* **GIVEN INFORMATION**

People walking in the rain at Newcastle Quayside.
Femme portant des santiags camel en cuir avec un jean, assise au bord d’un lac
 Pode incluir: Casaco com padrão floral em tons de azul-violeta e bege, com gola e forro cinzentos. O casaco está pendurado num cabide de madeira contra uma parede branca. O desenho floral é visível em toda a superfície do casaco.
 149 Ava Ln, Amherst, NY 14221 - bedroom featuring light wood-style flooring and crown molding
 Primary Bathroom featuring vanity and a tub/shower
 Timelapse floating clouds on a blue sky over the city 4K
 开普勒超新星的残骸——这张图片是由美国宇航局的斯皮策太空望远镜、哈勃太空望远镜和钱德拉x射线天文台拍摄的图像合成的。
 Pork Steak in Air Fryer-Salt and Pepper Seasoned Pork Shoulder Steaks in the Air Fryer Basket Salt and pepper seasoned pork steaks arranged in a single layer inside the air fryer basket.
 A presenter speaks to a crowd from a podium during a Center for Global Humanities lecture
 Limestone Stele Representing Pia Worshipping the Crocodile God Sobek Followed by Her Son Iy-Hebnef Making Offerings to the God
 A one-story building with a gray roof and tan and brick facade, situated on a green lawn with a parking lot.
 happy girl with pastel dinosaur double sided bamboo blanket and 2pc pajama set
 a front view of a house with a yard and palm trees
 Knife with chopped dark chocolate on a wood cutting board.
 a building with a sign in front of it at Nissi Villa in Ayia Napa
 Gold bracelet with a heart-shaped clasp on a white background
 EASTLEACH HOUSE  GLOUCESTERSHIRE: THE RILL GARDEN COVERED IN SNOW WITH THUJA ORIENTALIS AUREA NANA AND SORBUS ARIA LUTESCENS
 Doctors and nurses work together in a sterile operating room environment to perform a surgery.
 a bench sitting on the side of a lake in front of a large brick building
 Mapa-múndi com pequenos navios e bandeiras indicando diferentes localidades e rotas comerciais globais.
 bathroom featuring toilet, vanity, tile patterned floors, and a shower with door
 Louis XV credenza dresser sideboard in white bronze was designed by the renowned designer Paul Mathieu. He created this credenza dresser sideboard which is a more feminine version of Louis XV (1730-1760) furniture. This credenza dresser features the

* **EXERCISE**
Using the data above, reproduce exactly the lines from the line that contains "Femme portant des" through the line that contains "Timelapse floating clouds", including both.

* **ANSWER TO THIS PROBLEM**
Femme portant des santiags camel en cuir avec un jean, assise au bord d’un lac
 Pode incluir: Casaco com padrão floral em tons de azul-violeta e bege, com gola e forro cinzentos. O casaco está pendurado num cabide de madeira contra uma parede branca. O desenho floral é visível em toda a superfície do casaco.
 149 Ava Ln, Amherst, NY 14221 - bedroom featuring light wood-style flooring and crown molding
 Primary Bathroom featuring vanity and a tub/shower
 Timelapse floating clouds on a blue sky over the city 4K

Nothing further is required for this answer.